Cette rhétorique n’a rien de nouveau. Dès mai dernier, nous y avions droit : “Les vacances vont dépendre des efforts des Français”, nous menaçait ainsi Jean-Baptiste Lemoyne, secrétaire d’Etat au tourisme. Nommé en 2017, personne n’a entendu parler de lui en trois ans, mais il vient tout de même s’adresser à nous comme si nous n’avions pas plus de neuf ans et demi. Un chantage aux vacances qui ressemble fort aux punitions collectives, que certaines et certains d’entre vous ont pu connaître à l’école : “il y en a qui parlent, donc tout le monde est privé de récré !”. Au delà du souvenir émouvant, ce procédé a pour effet de diviser les gens entre les “bons”et les “mauvais” citoyens et, surtout, de faire disparaître la responsabilité des ministres de l’équation.

Dès le début du mois d’avril 2020, au commencement de notre 3ème semaine à nous la couler douce, heureusement édifié par France Inter qui nous apprend comment gérer tout ce temps libre (yoga, podcast, confection d’anchoïade de truffes au grand marnier, etc), le ministre de l’économie Bruno Le Maire prévenait : des “efforts seront attendus”. Europe 1 nous expliquait, avec le zèle de l’élève du premier rang qui a bien écouté sa leçon du jour : “Sans être dit tel quel par le ministre de l’Économie, ça signifie aussi sûrement qu’il va par exemple leur falloir adapter leur vacances cet été pour récupérer le temps perdu, et produire ce qu’il faudra produire.” Les salariés qui estiment produire ou acheminer des biens non-essentiels, comme ceux d’Amazon, sont priés d’obéir à leur manager.

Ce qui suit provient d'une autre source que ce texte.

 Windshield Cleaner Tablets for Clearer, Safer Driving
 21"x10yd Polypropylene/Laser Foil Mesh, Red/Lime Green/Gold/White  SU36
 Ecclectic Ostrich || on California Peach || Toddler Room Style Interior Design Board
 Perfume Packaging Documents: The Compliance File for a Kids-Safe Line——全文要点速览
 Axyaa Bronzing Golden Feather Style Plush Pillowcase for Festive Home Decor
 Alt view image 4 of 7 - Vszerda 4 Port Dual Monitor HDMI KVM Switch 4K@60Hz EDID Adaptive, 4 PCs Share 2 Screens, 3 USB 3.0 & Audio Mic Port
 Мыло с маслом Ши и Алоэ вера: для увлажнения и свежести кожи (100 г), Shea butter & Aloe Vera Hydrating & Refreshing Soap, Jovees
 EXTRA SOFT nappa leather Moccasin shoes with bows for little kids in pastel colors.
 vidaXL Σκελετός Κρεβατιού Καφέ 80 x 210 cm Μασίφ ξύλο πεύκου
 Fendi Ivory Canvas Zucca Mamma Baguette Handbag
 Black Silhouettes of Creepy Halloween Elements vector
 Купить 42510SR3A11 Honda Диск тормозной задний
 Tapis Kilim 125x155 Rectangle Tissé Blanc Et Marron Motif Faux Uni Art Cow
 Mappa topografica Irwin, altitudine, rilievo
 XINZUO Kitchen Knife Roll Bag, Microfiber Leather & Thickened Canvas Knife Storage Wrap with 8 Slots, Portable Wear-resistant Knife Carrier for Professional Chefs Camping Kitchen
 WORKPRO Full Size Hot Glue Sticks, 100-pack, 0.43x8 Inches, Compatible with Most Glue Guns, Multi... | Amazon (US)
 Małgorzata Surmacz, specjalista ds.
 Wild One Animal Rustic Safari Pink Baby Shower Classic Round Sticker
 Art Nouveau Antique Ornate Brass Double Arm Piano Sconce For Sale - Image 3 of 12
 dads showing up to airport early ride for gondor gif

Tout le monde devra faire des efforts. Mais aux adultes, que sont les patrons et les actionnaires, le gouvernement demande poliment : pouvez-vous ne pas vous verser de dividendes, s’il vous plaît ? Non ? Bon, tant pis, ce n’est pas grave, vous savez certainement ce que vous faites.

Nous sommes des enfants irresponsables … depuis le référendum de 2005

Nous autres sommes de grands enfants, mais le confinement ne fait que mettre en valeur ce qui était déjà le cas, dans la tête de nos journalistes et de nos politiques, auparavant. Chaque 1er mai, en effet, nous faisons déjà de grandes “chamailleries”, à jouer au chat avec la police. Jeu de matraque rend patraque, jeu de grenade tue des vieilles dames. Cela reste bon enfant. Le 1er mai 2018, le petit Alexandre Benalla a eu son casque, et il a défoncé la tronche d’un petit manifestant qui était de toute façon un cancre. Macron s’est donc pris au jeu : “venez me cherchez, nananère !”, a-t-il déclaré face à ses playmobils de l’Assemblée nationale.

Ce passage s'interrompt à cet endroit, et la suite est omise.